The Tactical Garbage to Energy Refinery is a hybrid technology that alleviates these burdens by converting a broad spectrum of waste into a usable power source. The TGER metabolizes waste into ethanol and compresses undigested waste into pellets which are then converted into a composite gas. The ethanol, composite gas and a 10 percent diesel drip are injected into a diesel generator that produces electricity.

"A 500-man unit generates about 2,500 pounds of trash per day. We figured if we could convert the trash into power, we could cut down on the need to haul fuel into the operating base and cut down on the need to haul garbage out," Valdes said.

The TGER has a zero carbon footprint and gives a 30-to-one reduction in the volume of trash. For every 30 cubic yards of trash processed through TGER, one cubic yard of ash is produced.

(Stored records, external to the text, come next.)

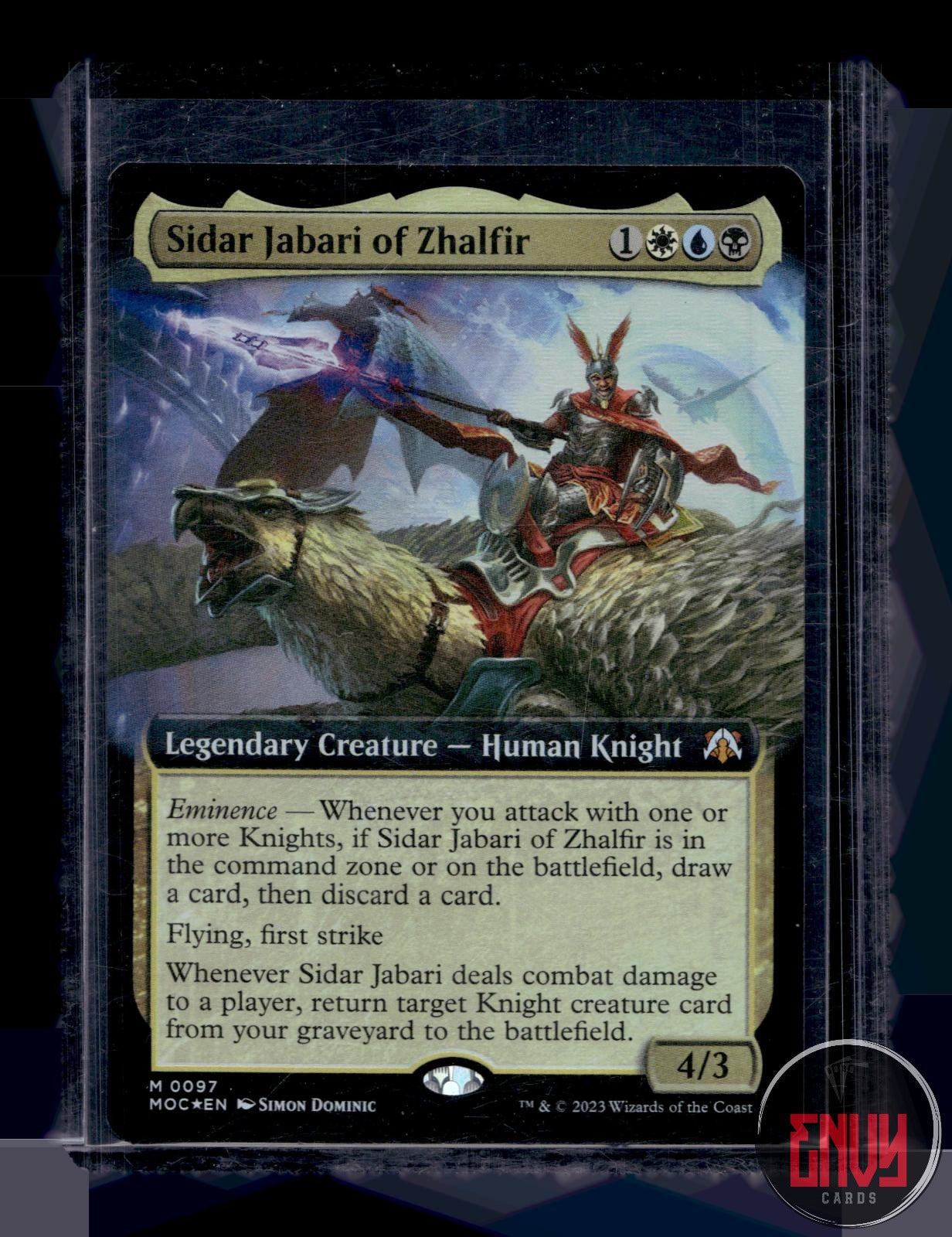 Sidar Jabari of Zhalfir (Extended Art) NM 97 Commander March of the Machine Foil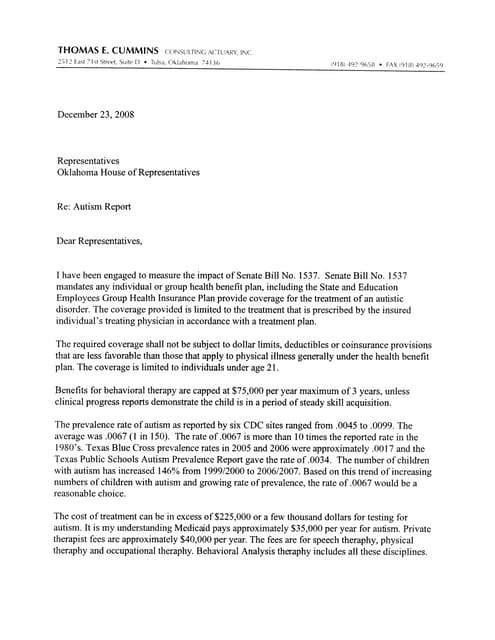 Cummins Actuarial Study 09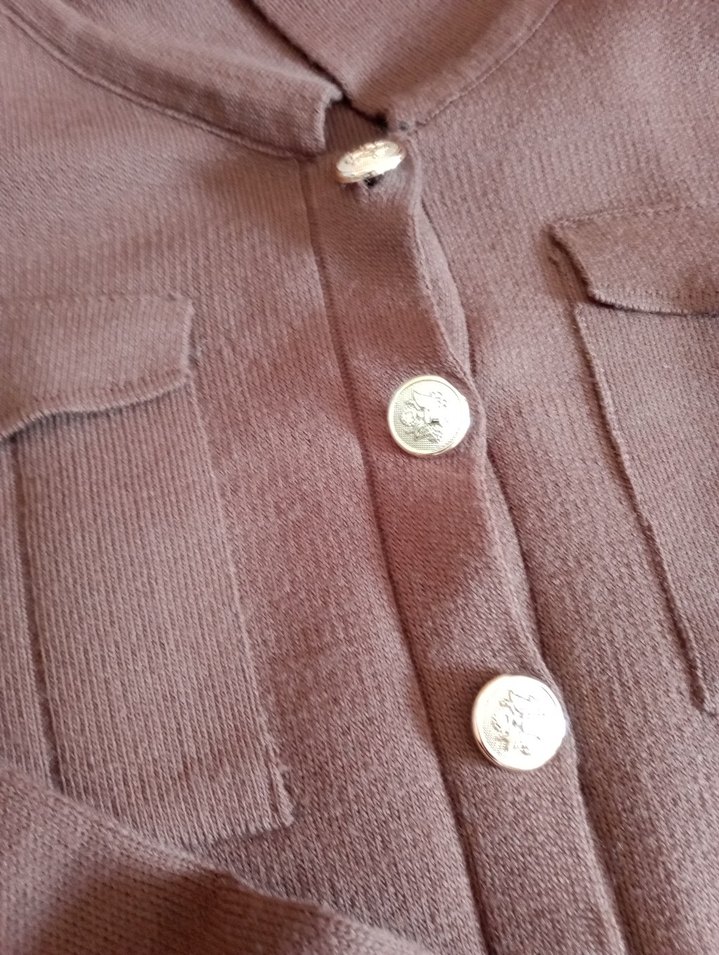 Düğmeli Kahverengi Kadın Takım Midi Boy - Görsel 2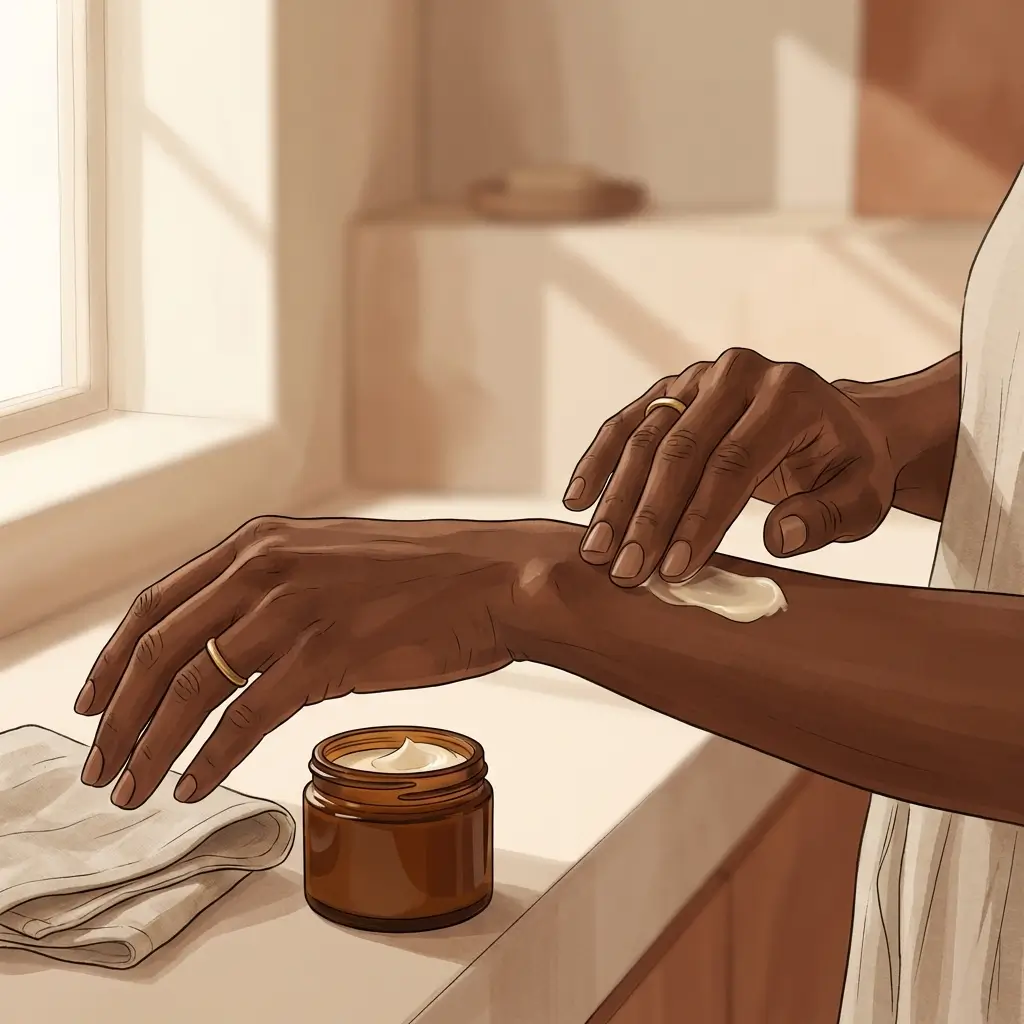 Close-up of dark brown hand carefully applying a single product to the forearm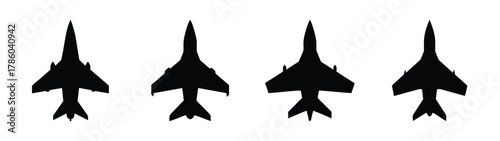 Top view jet fighter plane silhouette vector illustration aircraft military aviation design concept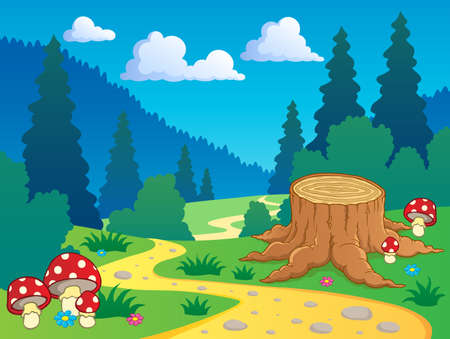 Cartoon forest landscape 7 - vector illustration のイラスト素材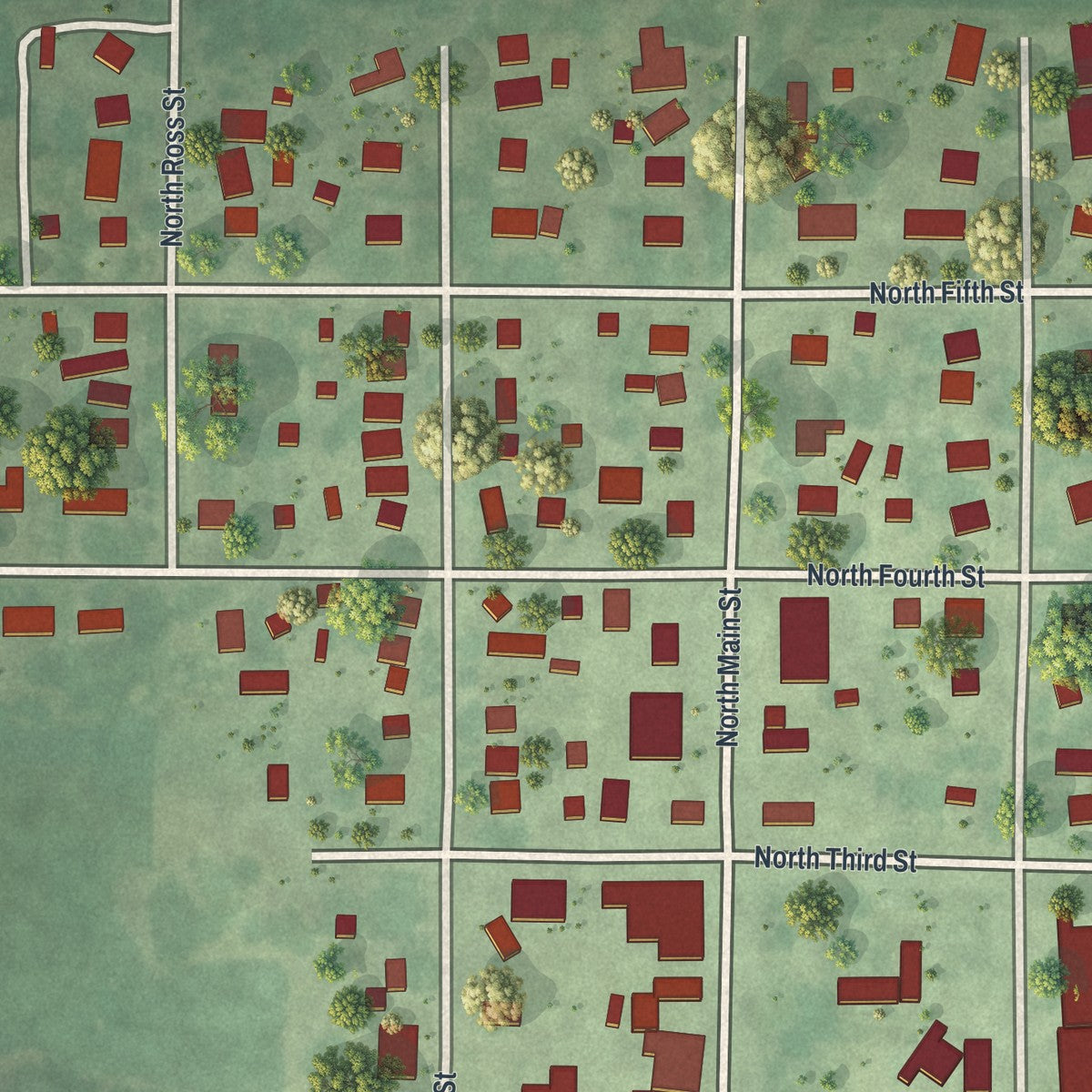Close-up of the map of Bricelyn, Minnesota print showing street and building detail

"We had the ash tested by the Environmental Protection Agency and it was determined that it is a benign soil additive. You could take the ash and use it on your roses," Valdes explained.

Army scientists and engineers tested TGER at an operating base in Iraq for three months. They wanted to use it in an unforgiving environment to stress the system.

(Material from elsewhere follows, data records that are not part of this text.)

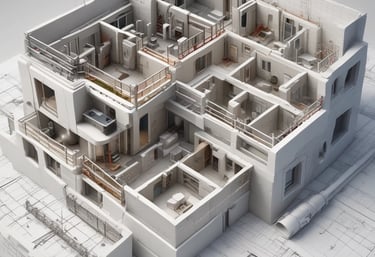 Aerial view of a residential complex with multiple identical buildings arranged in a geometric pattern. The structures are surrounded by paved areas and green spaces with dense vegetation beyond the walled perimeter. Adjacent to the complex are scattered houses and buildings in a suburban area.
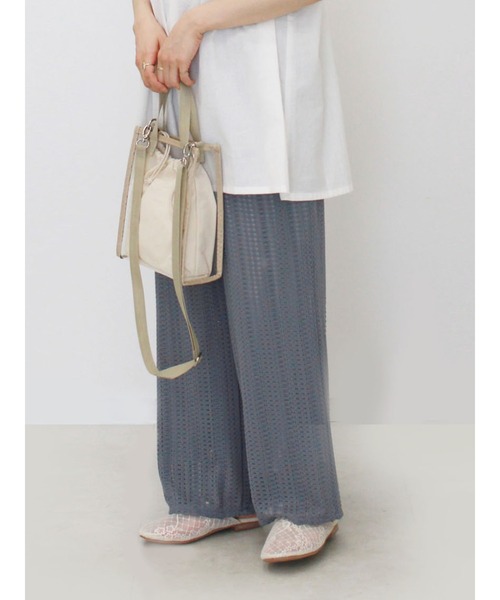 ehka sopo(エヘカソポ)の「カットレースパンツ(その他パンツ・レディース・キナリ/ブルー/ミント・フリ-)」の3枚目の写真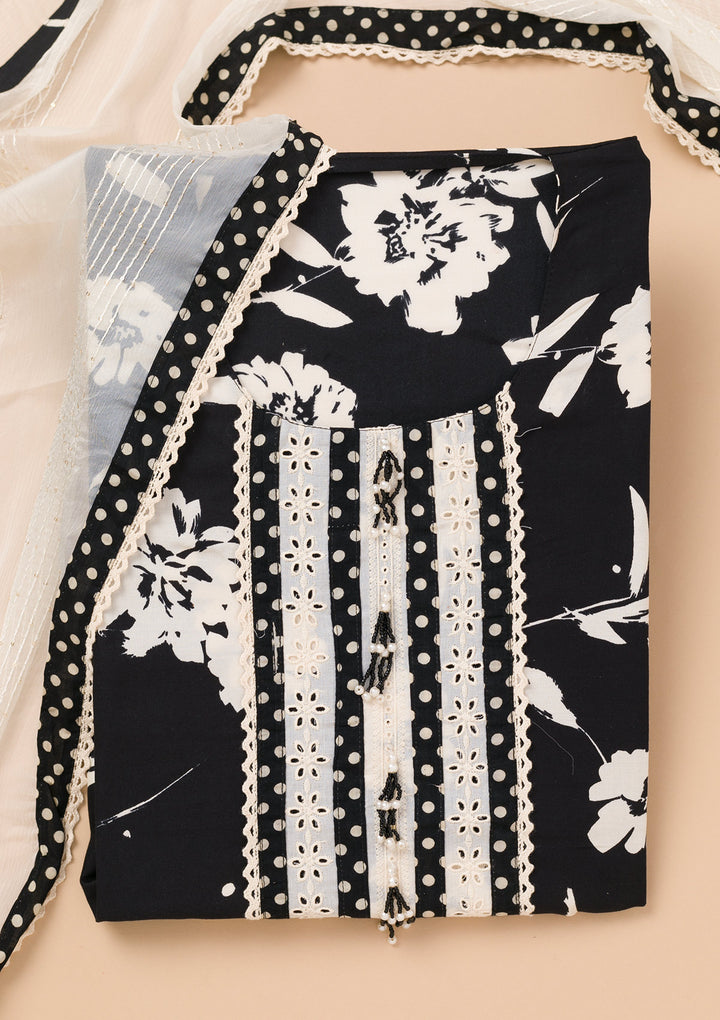 Black Printed Cotton Unstitched Salwar Suit
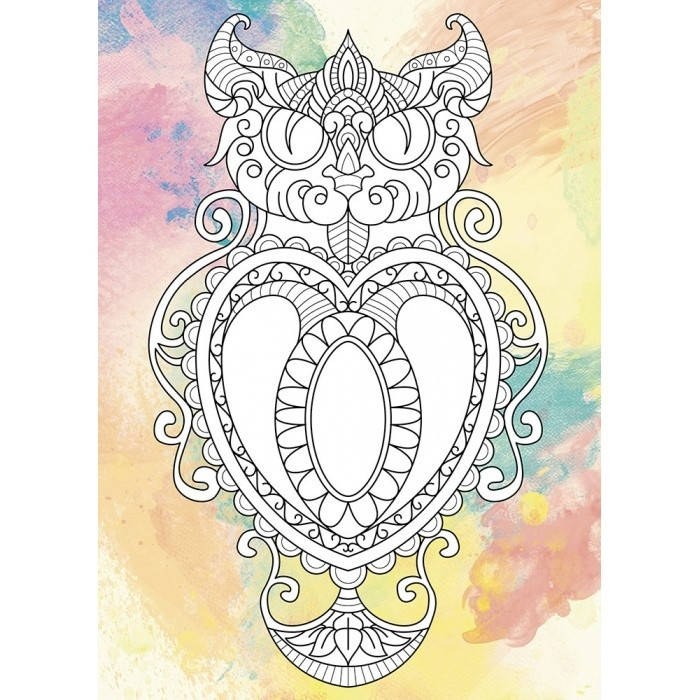 

Набір для розпису на полотні. Дзен малювання. Загадковий кіт (палітра турмалін) 18*25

"Any technology works perfect in a laboratory setting. We wanted to test TGER in a harsh environment to see what was going to break. We now know what works on site and we've designed it to fit the warfighter's needs," said Valdes.

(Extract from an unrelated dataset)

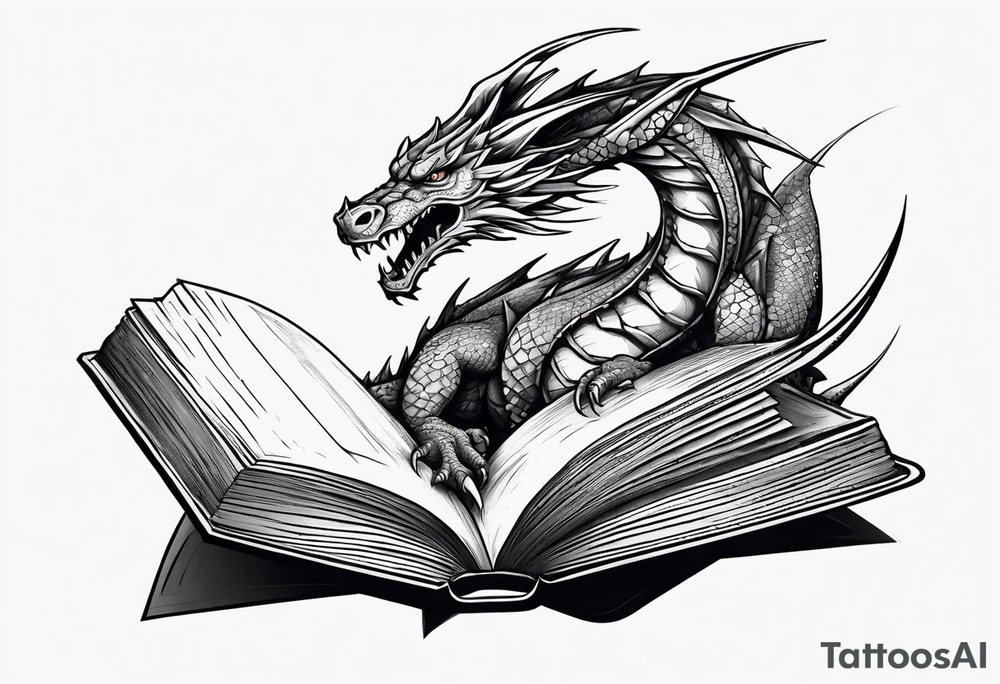 An open book with a dragon curled up and resting underneath it. tattoo idea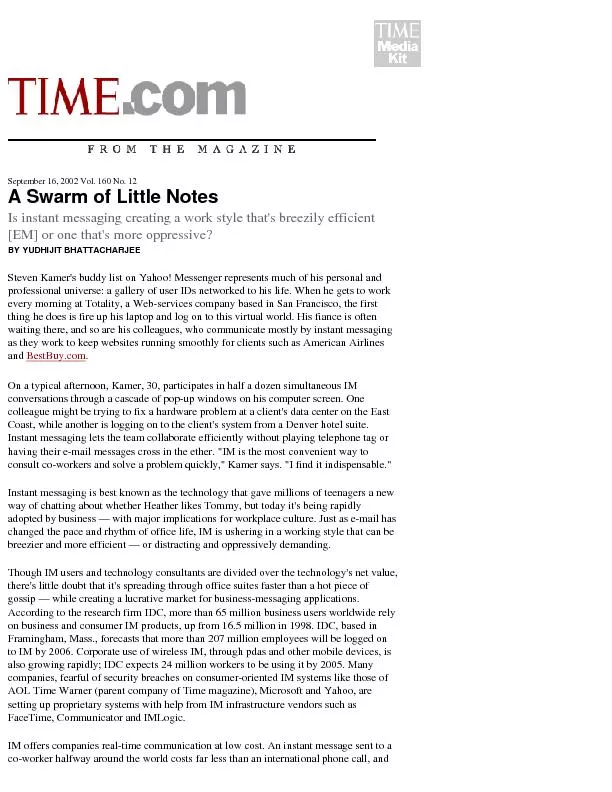 September 16, 2002 Vol. 160 No. 12A Swarm of Little NotesIs instant me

The technology behind the TGER has applications beyond the Army. It potentially could be used as relief for an area hit by natural disaster.

"Often in a natural disaster area the power is out and trash is everywhere. TGER fits in a six-by-six-by-twelve-foot box that can be flown into the area hit by the natural disaster. It could be used to help eliminate trash and produce electricity," Valdes said.

The ECBC scientist explained the futuristic technology at RDECOM's Army Tech Zone within the Army Strong Zone at the U.S. Army All-American Bowl this weekend. The Army Tech Zone featured several emerging technologies developed by the Army's science and technology community.

Secretary of the Army John McHugh visited the Tech Zone and expressed great interest in the TGER.

"We have money for that," he said, addressing further development of the TGER, as he left the exhibit area.

"It's rare that a scientist gets to see something he helps develop actually go into the field in an operational situation and see it work. That's a real nice thing," Valdes said.